How about having customers provide all or most of the necessary capital.
While this scenario may not be realistic for some companies, many companies can find practical application of this method in their approach to capital and customer acquisition. This is the essence of value creation capital.
The primary question is:
How lean can a company start and operate in order to attract paying customers with an early version of its products or services, thereby demonstrating viability, scalability, and fundability?
After a business has demonstrated these characteristics, it’s a lot easier to get funding, because the investment is less risky.
This idea is not new or uncommon. For many years 3-M has fostered a culture of intrapreneurship whereby small teams of technical and business people come together on a limited budget to develop and market new products. Some industry experts estimate that 30% of all large companies provide seed funds to finance internal entrepreneurship today.
Many entrepreneurs could take a page from this playbook for their own companies. In other words, start making money from a small investment in product development and marketing, consistently improve the product based on market demand and reasonable economics, and raise growth capital after establishing a respectable product, delivery and support team, customer base, and growth plan.
One of the key elements to this lean approach is focusing on the creation of “minimum viable products,” and then building a base of paying customers. This approach has also been around a long time. In the automotive industry, both Honda and Hyundai came to market in the United States with cars that could easily be classified as minimum viable products. They sold a lot of these cars at low prices, which provided revenue and a growing customer base on which they could continuously improve. Both car companies have a much better reputation today than they originally did, and they are still going strong, even amid global economic challenges.
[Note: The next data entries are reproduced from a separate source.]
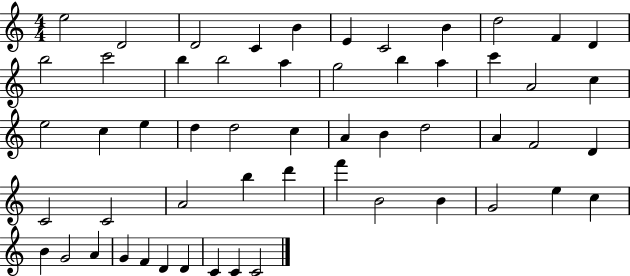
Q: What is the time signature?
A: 4/4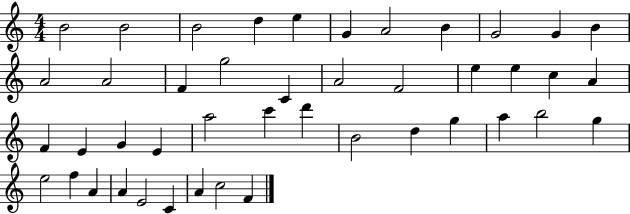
{
  \clef treble
  \numericTimeSignature
  \time 4/4
  \key c \major
  b'2 b'2 | b'2 d''4 e''4 | g'4 a'2 b'4 | g'2 g'4 b'4 | \break a'2 a'2 | f'4 g''2 c'4 | a'2 f'2 | e''4 e''4 c''4 a'4 | \break f'4 e'4 g'4 e'4 | a''2 c'''4 d'''4 | b'2 d''4 g''4 | a''4 b''2 g''4 | \break e''2 f''4 a'4 | a'4 e'2 c'4 | a'4 c''2 f'4 | \bar "|."
}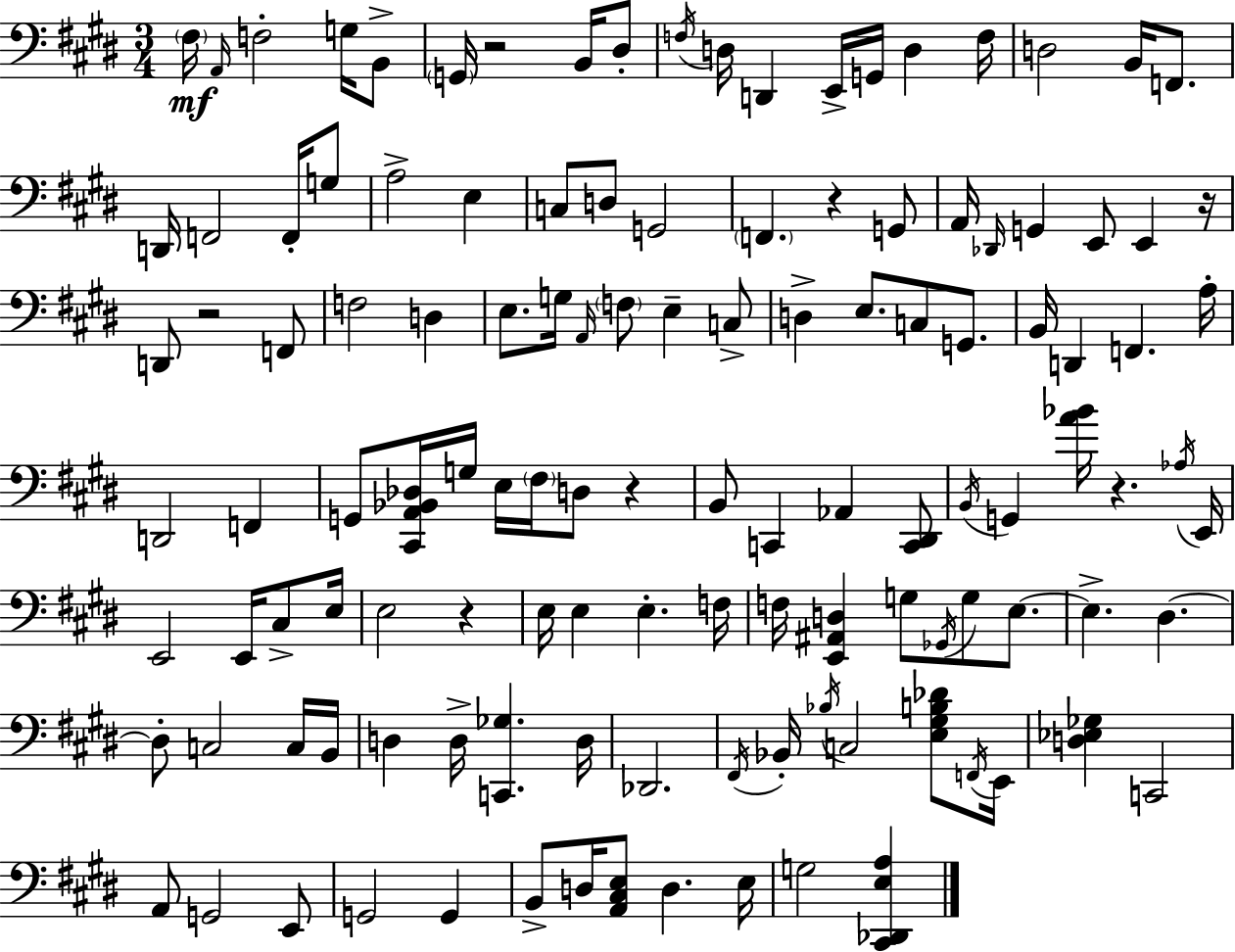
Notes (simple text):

I’ve worked with many startups that wanted to hit the market with a knockout product or service from the very beginning. Few have achieved their fully realized vision out of the starting gate. Many find that the perfection curve can be a real business killer for tender young companies with limited financial resources. I’ve experienced this brand of misery firsthand with one of my own startups, and don’t recommend it to anyone!
Venture capitalists and other investors are coming around to this way of thinking again – spend less upfront to develop products and customer bases, and then fund the winners that emerge. It’s a simple lesson with major implications. It’s also a mindset and a strategic approach that can help you quickly and economically sift through many good business ideas to find a really great one customers love to pay for.